August 28, 2017

In Case You Missed It: A Look at Recent National Housing Policy News

Urban Institute: Here’s How Rising Interest Rates will Impact the Mortgage Market  

Interest rates have fallen not just since 2007, but consistently over the past 35 years, according to a new report from Laurie Goodman, Urban Institute co-director of the Housing Finance Policy Center. The 10-year Treasury note peaked at more than 15% in 1981, but fell to just 1.83% in November 2016. Primary mortgage rates followed this pattern, falling from more than 18% in 1981 to 3.54% in November. Now, mortgage rates are increasing once more as the Treasury yield and the 30-year fixed-rate mortgage are up 44 basis points and 49 basis points consecutively as of July this year. Data from Freddie Mac and the Federal Reserve, demonstrates the falling interest rates from the early 1980s until 2016.
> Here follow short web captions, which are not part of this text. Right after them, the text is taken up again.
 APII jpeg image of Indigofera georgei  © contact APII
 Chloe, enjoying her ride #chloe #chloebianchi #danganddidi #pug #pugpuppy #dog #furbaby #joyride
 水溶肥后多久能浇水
Everything You Need to Know About Fannie, Freddie Appraisal-Free Purchase Mortgages

Freddie Mac announced it would be extending its appraisal-free mortgage program to purchase loans starting September 1, 2017. That same day, Fannie Mae also announced their appraisal-free purchase mortgage, offering its product effective immediately. But what does that mean exactly? Who qualifies? Are the GSEs moving to take appraisers out of the home buying process? For starters, why move to the purchase market to begin with? And how many Fannie and Freddie financed loans will qualify? Both GSEs already had a program in place for appraisal free refinances. Freddie Mac began their program earlier this summer, while Fannie Mae began offering appraisal-free mortgages on some of its refinances through its Day 1 Certainty program back in 2016. The answer from both companies was the same: After rising interest rates shifted the market from a refi market and more to purchase, the GSEs extended their programs to meet the needs of the shifting market.
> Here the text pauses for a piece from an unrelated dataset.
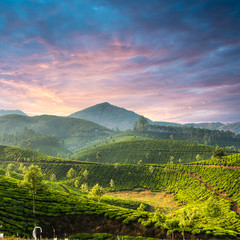 Sunset over tea plantations - 184271351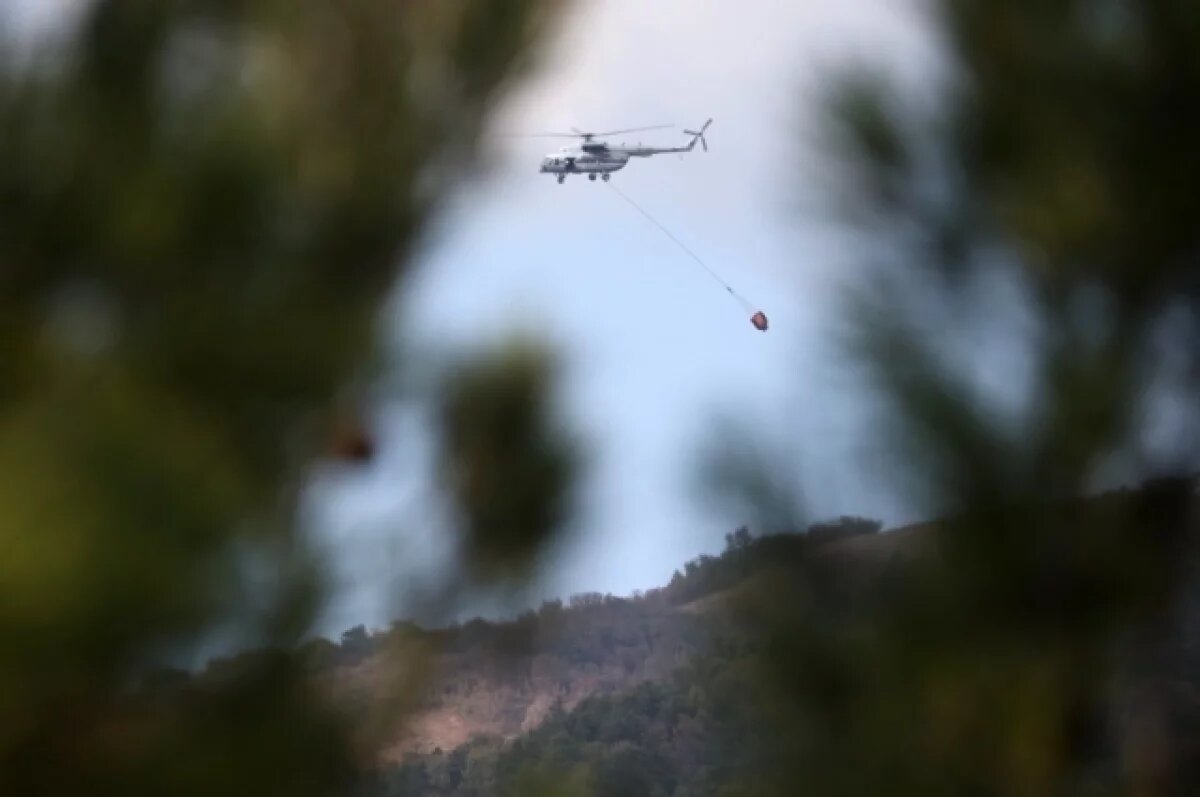    Под Геленджиком 23 туриста оказались заблокированы лесным пожаром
The Game Changer for End-to-End Digital Mortgages: eClosings 

Nearly everything about the industry’s prized digital mortgage is streamlined except for the final, and one of the most important, steps at the end. The entire online process comes to an abrupt halt when it's time to close a loan, forcing borrowers to still meet up and cross the T’s and dot the I’s on an official document with a notary present. And while this process is evolving digitally, as noted here, it wasn’t until recently that the process truly became end-to-end thanks to a new company: Notarize. Notarize took the current eClosing process and brought it to the next level by allowing buyers to never have to leave their home or wet sign a single document.